SSH private keys, bearer tokens, and other secrets stored in the secrets table are encrypted with AES-256-GCM keyed by OREMEDY_ENCRYPTION_KEY. A fresh 12-byte nonce is generated for every encryption operation.

Audit log

Every state-changing action writes a row to audit_logs:

Resource type and ID.
Action (created, updated, deleted, executed, approved, auth.login, auth.login_failed, etc.).
Actor (user email, agent name, or NULL for unauthenticated events such as failed logins).
Tenant (nullable for system events).
Timestamp (UTC, second precision).
Detail JSON.
IP address — captured from X-Forwarded-For only when the immediate TCP peer is in trusted (RFC1918 / loopback) space. Otherwise the actual peer is used. Pure header trust (the unconditional pre-hardening behaviour) is gone.

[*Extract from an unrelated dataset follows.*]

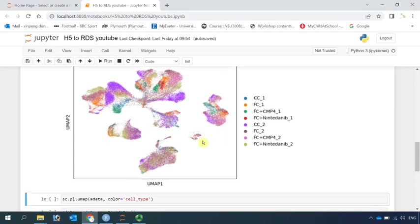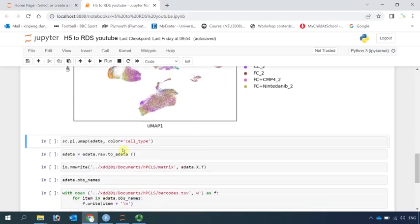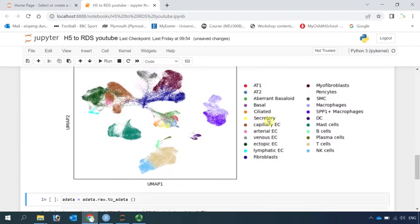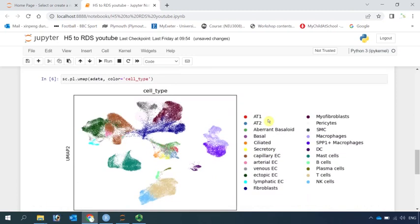We can also have a look at the cell types. Here are all the cell types labeled in the dataset.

The table is append-only; the application never updates or deletes rows. Read access is tenant-scoped.

Phoenix tracing

Phoenix (Arize) ingests every LLM prompt and response for debugging and observability. Because that data is sensitive, the Phoenix container is on the internal Docker network only — it has no public Caddy route. Operator access is via SSH tunnel:

ssh -L 6006:phoenix:6006 alberto@<host>
# then open http://localhost:6006

CORS

The API uses CORSMiddleware with explicit origins. The production compose file passes https://${DOMAIN} as the default; multiple origins can be supplied as a comma-separated list via OREMEDY_CORS_ORIGINS. * is rejected when OREMEDY_ENV=production because wildcard origins paired with credentialed cookies form a known XSS amplifier.

Threat model recap

What is mitigated:

Tenant admin compromise injecting cross-tenant playbook paths.
DB tampering injecting daemon shell commands.
LLM prompt injection escalating to RCE on the API container or managed servers.
XSS exfiltrating session tokens.
Cross-tenant leakage on real-time channels.
Credential stuffing on /auth/login.
Webhook spam and unauthenticated alert injection.
SSRF from custom HTTP tools to internal services.
TLS bypass on remote LLM providers.

What is not mitigated by this layer (out of scope, requires the infrastructure underneath):

Compromise of the host running the API process.
Compromise of the deployed OREMEDY_SECRET_KEY or OREMEDY_ENCRYPTION_KEY.
Compromise of the underlying PostgreSQL / Redis / SeaweedFS.
Network-level attacks against Caddy.

These are deployment-layer concerns and require the same standard hardening as any other production service (private networking, disk-level encryption, OS hardening, runtime EDR, etc.).